*** Opening of GIVEN RECORDS ***

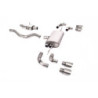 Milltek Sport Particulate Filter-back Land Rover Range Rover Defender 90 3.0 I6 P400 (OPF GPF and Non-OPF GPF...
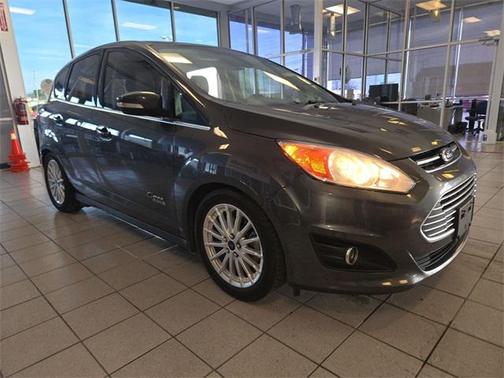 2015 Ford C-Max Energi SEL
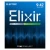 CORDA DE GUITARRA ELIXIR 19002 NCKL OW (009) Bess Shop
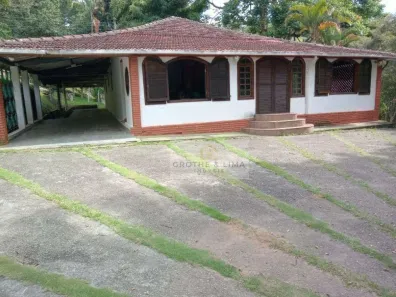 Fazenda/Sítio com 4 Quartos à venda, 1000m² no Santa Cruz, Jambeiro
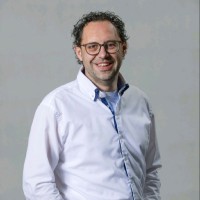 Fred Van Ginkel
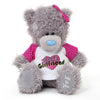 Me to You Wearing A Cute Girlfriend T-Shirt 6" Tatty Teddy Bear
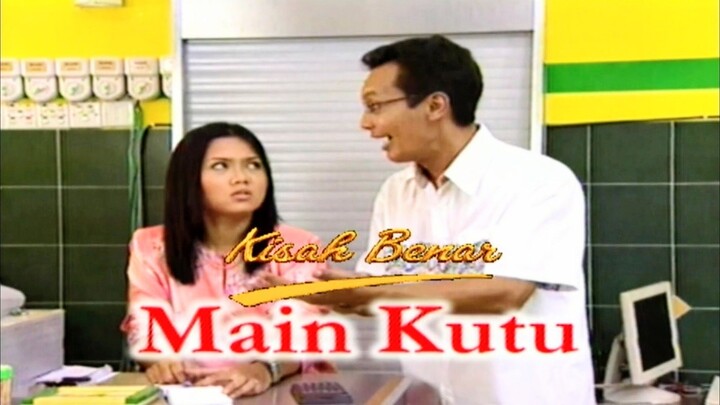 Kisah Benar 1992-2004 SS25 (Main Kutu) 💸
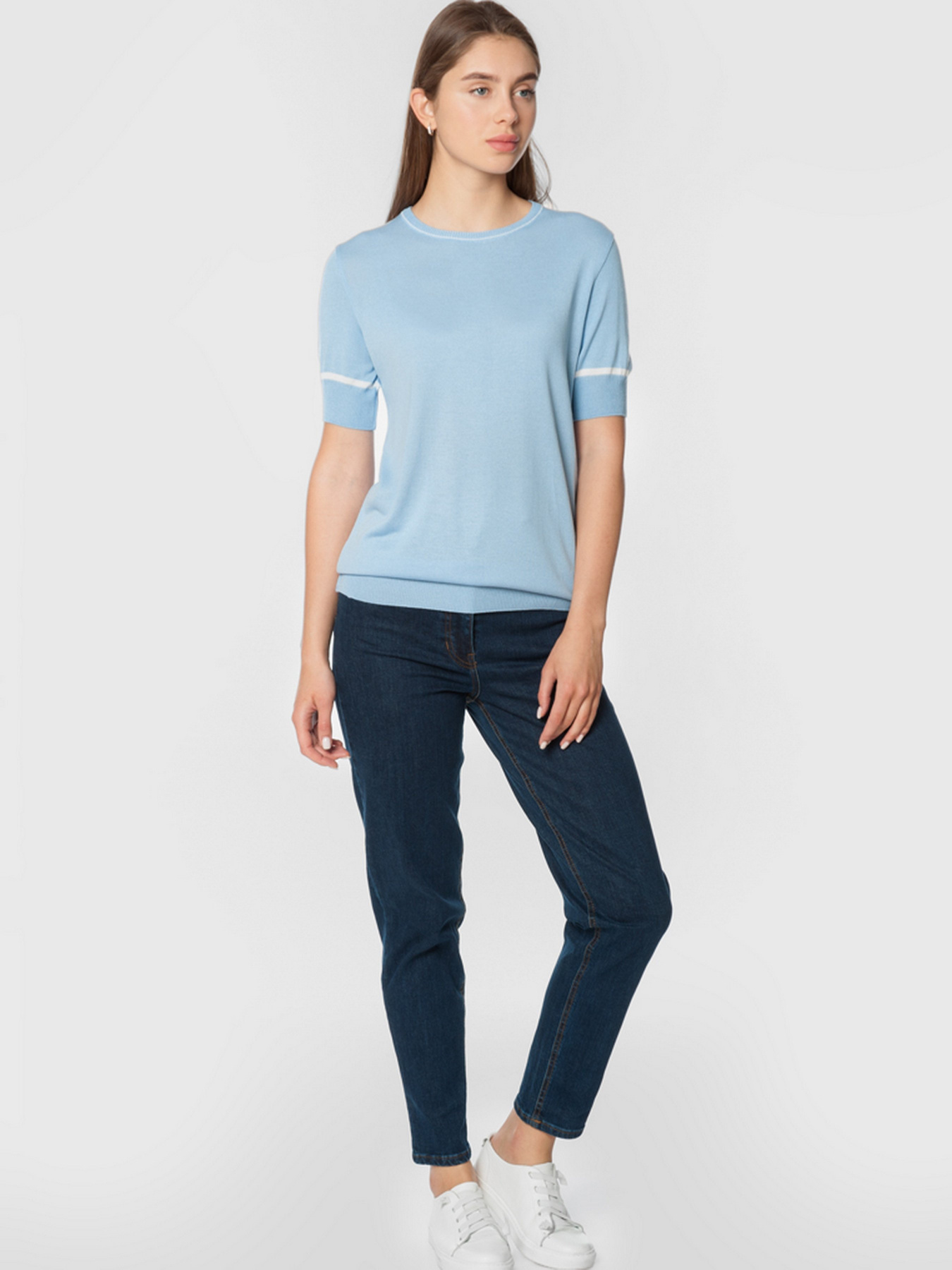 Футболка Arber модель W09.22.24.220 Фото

*** Close of GIVEN RECORDS ***
*** Opening of GIVEN RECORDS ***

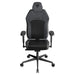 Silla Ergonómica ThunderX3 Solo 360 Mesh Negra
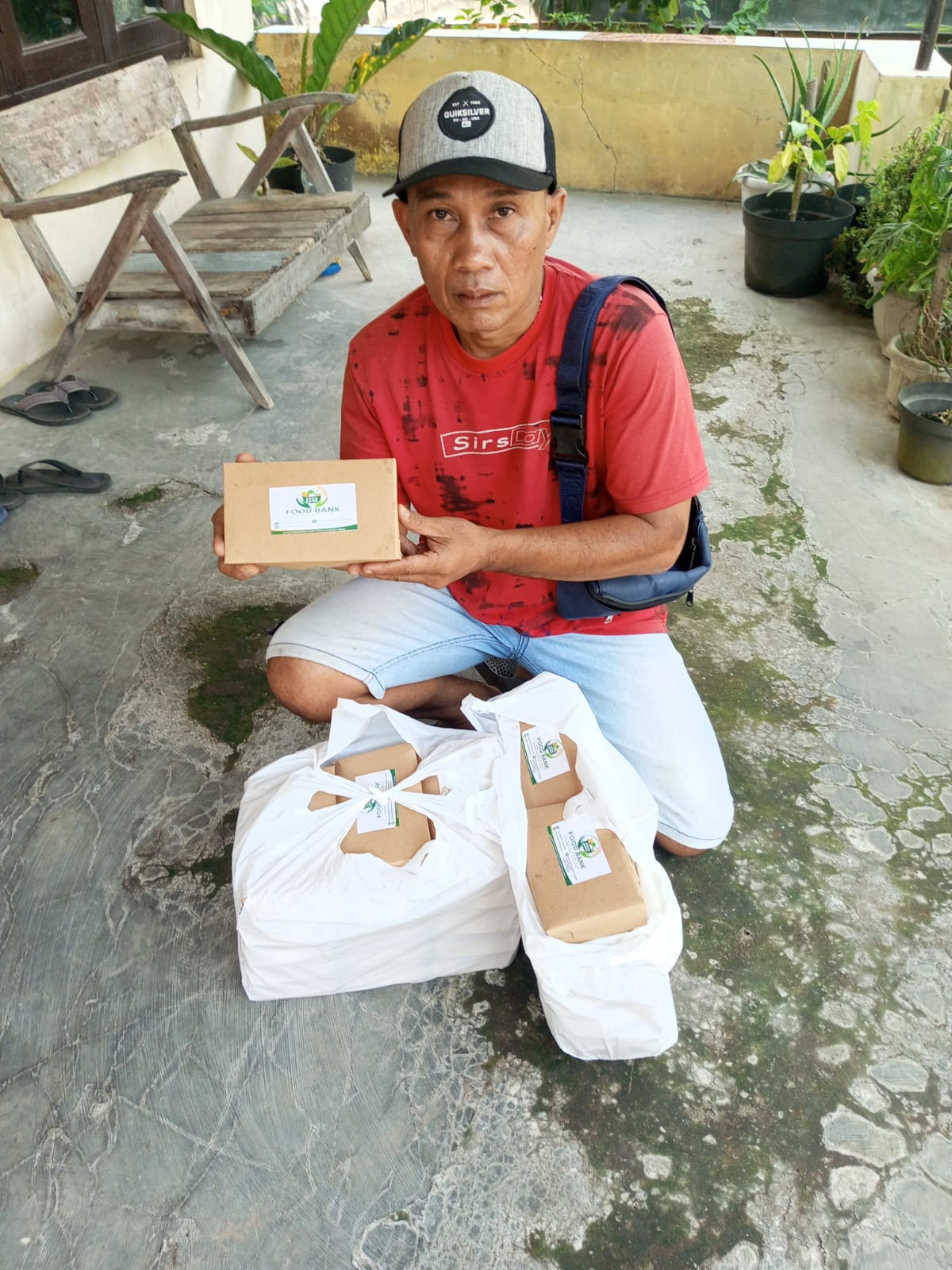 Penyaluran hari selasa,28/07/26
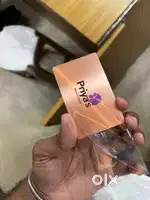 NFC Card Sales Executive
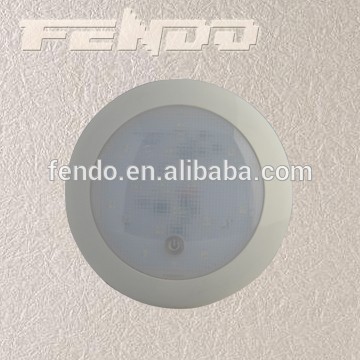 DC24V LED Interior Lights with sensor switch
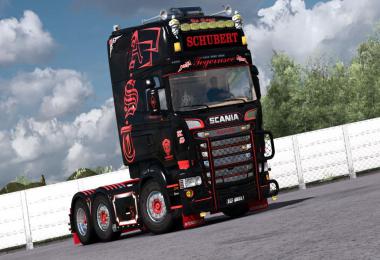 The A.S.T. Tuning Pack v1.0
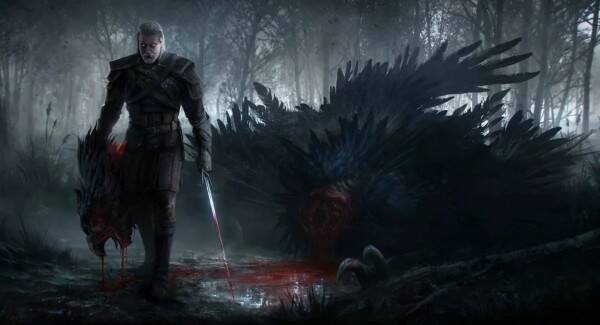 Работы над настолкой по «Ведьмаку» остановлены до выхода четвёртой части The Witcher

*** Close of GIVEN RECORDS ***
*** Opening of GIVEN RECORDS ***

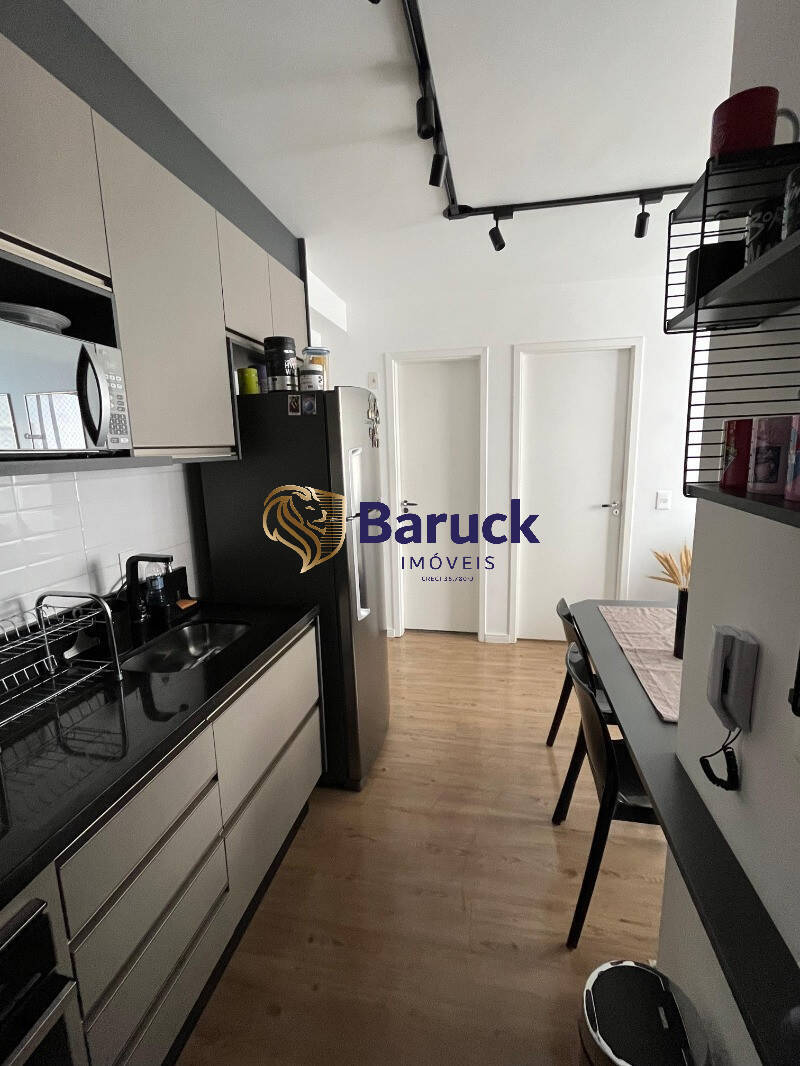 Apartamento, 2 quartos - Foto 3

*** Close of GIVEN RECORDS ***

WORK ITEM = In the material above, the stretch from the line with "Fred Van Ginkel" through the line with "Футболка Arber модель W09.22.24.220 Фото" is to be given again exactly, minus the pictures.

WRITTEN SOLUTION =
 Fred Van Ginkel
 Me to You Wearing A Cute Girlfriend T-Shirt 6" Tatty Teddy Bear
 Kisah Benar 1992-2004 SS25 (Main Kutu) 💸
 Футболка Arber модель W09.22.24.220 Фото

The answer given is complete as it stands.